Today is the anniversary of the 1928 signing of the Kellogg-Briand Pact,
which outlawed war. The Pact, produced by American Secretary of State Frank
B. Kellogg and French Foreign Minister Aristide Briand was eventually
ratified by sixty-two nations, almost every sovereign in the world at the
time. It passed the U.S. Senate with only a single negative vote. The Pact
had, arguably, one success, in defusing a 1929 Soviet-Chinese dispute over a
railroad in Manchuria. The other effect of the Pact was to encourage
countries engaged in international aggression not to issue a formal
declaration of war. Thus, there was no declaration of war for Japan’s 1931
invasion of Manchuria, Italy’s 1935 invasion of Ethiopia, and Germany’s 1938
threatened invasion of Austria (which eventually took place peacefully,
thanks to the cowardice of the Austrian government and the democracies).

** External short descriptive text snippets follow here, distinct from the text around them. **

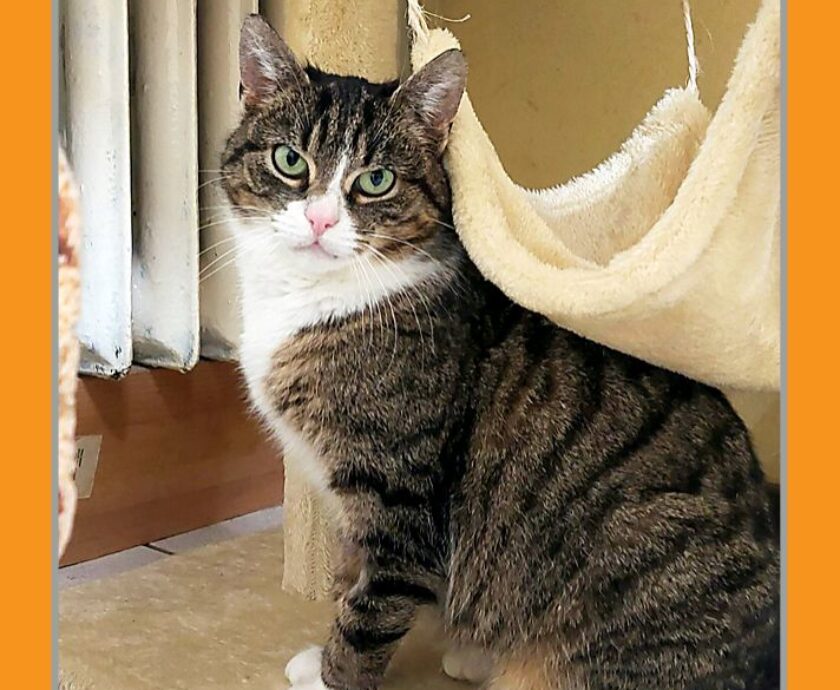 katze-mira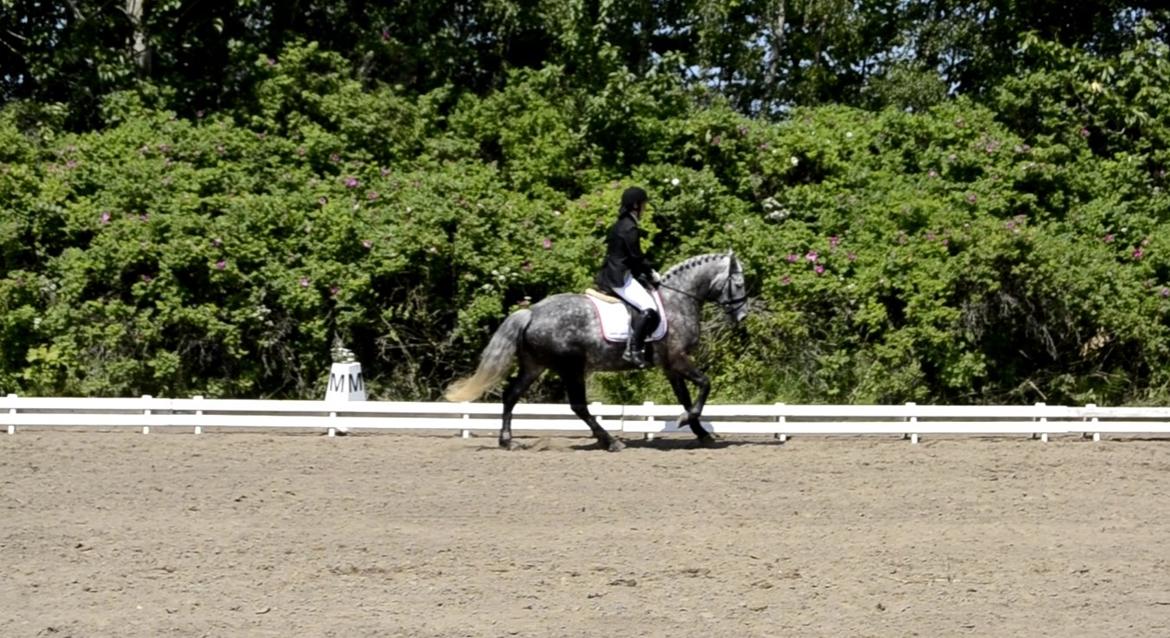 Connemara Klintly's macong - grå LA1 - 64,8% pinsedressur festival. NLR 7/6-2014 billede 16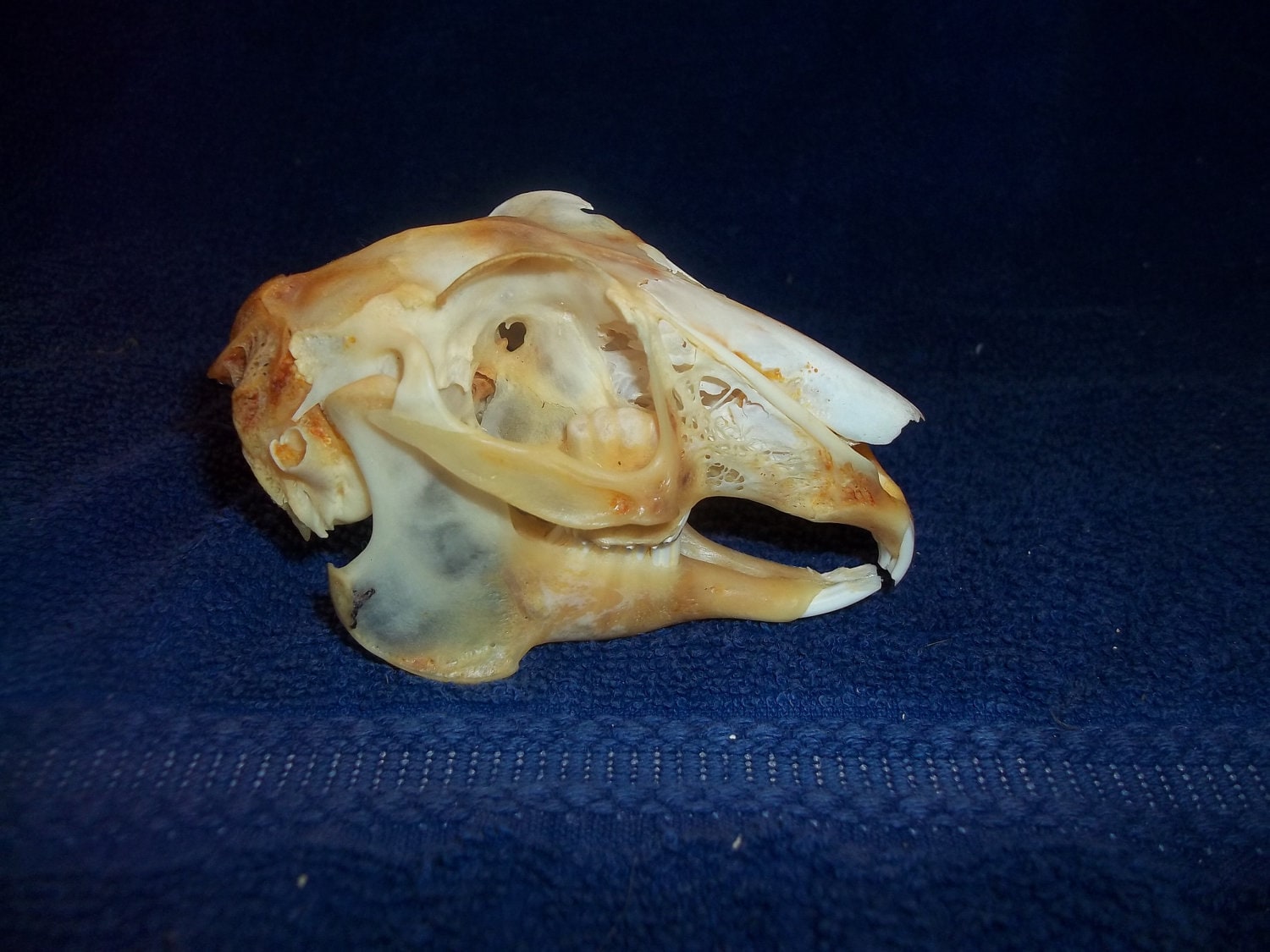 Jack rabbit skull real animal bone skeleton part teeth rodent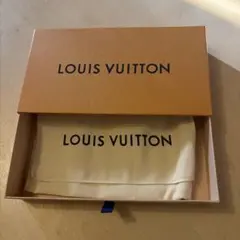 LOUIS VUITTON ショップ袋 大・小セット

Kellogg was awarded a Nobel Peace Prize (Briand had already won one),
putting him and Briand in the ranks of Prize winners such as Yasser Arafat,
Jimmy Carter, Kofi Annan, Rigoberta Menchu, Le Duc Tho (North Vietnamese
foreign minister), and others whose public careers ended up helping to cause
war and violence.
The Pact helped produce World War II, by making it appear that it was
immoral or illegal to take decisive military action against Hitler when he
was still weak, in the mid-1930s. All 15 of the original signatory nations
ended up fighting in World War II. Notably, the Pact was produced under the
administration of Calvin Coolidge, which shows that even conservatives can
delude themselves with Wilsonian illusions about the power of international
agreements. Technically, the Pact is still in force, a permanent reminder of
folly of all who believe that pieces of paper, rather than powerful armies,
will deter the aggression of dictatorships.